Every line between the one containing "Isha Ambani in" and the last line of the data, both included, is to be set down exactly, and pictures are to be omitted.

Raw data =>

┌──

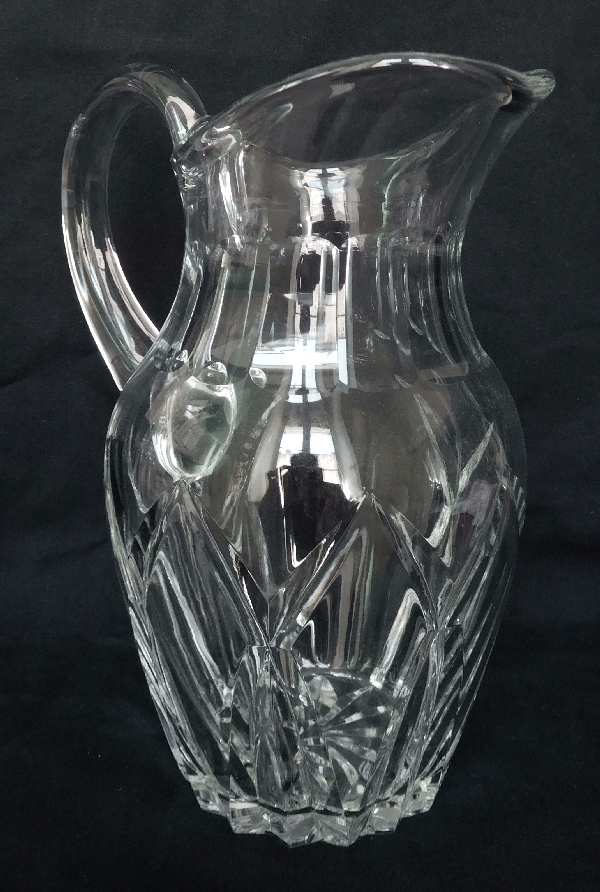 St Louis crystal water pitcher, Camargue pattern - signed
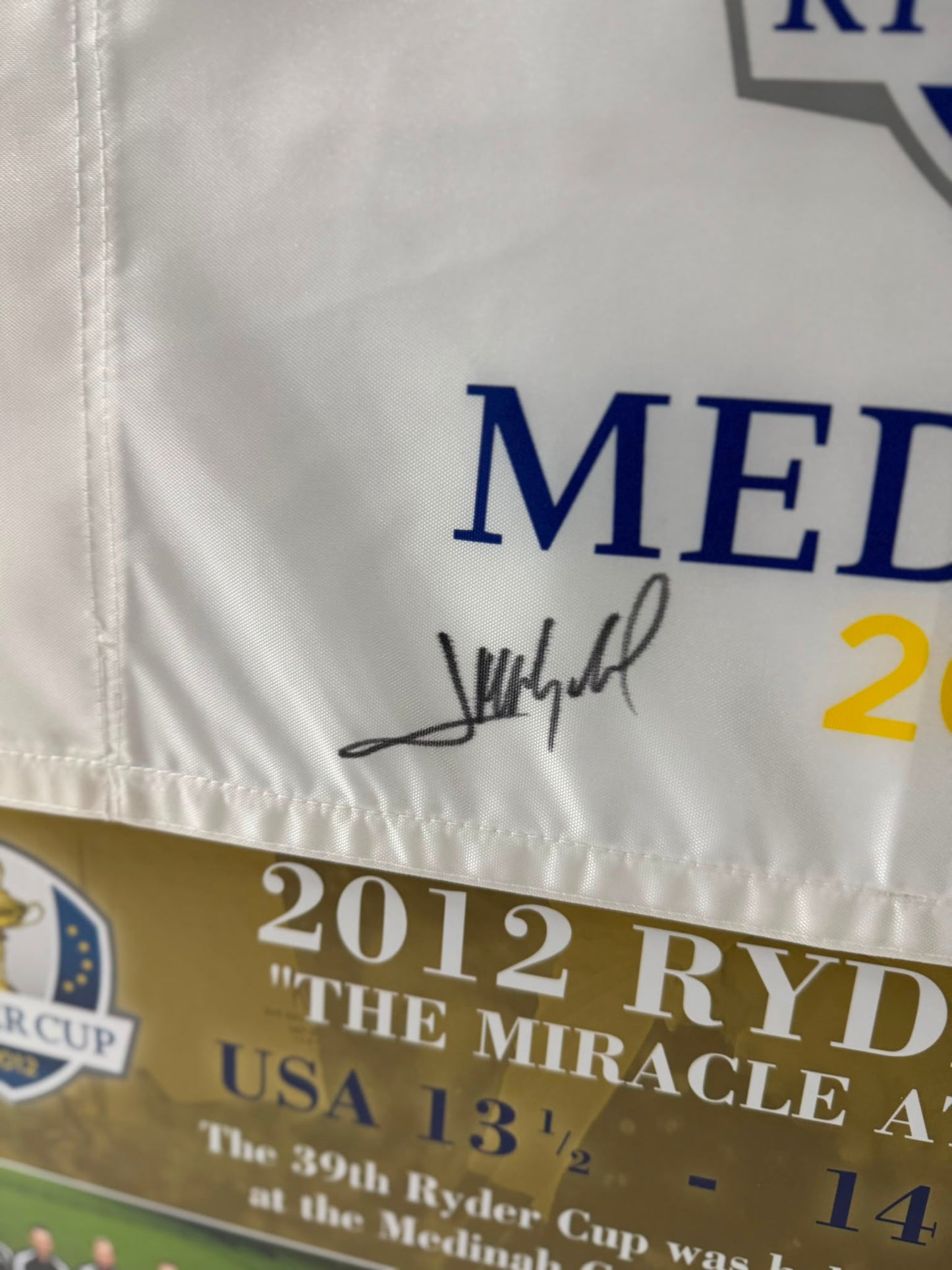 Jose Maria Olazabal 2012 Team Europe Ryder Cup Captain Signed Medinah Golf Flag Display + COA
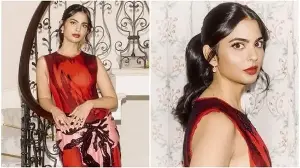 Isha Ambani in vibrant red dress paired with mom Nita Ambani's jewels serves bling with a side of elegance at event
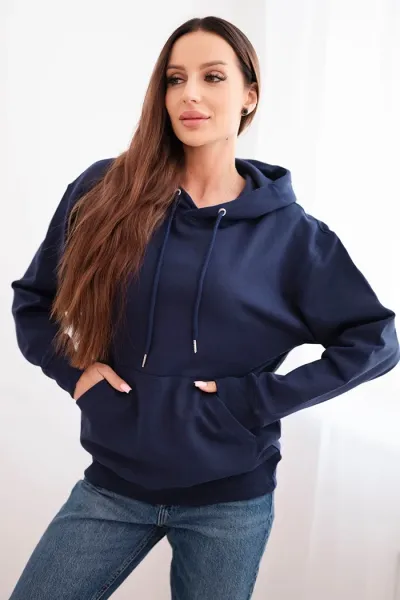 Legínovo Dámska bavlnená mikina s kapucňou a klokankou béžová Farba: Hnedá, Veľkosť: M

└──

Exercise response =>
 Isha Ambani in vibrant red dress paired with mom Nita Ambani's jewels serves bling with a side of elegance at event
 Legínovo Dámska bavlnená mikina s kapucňou a klokankou béžová Farba: Hnedá, Veľkosť: M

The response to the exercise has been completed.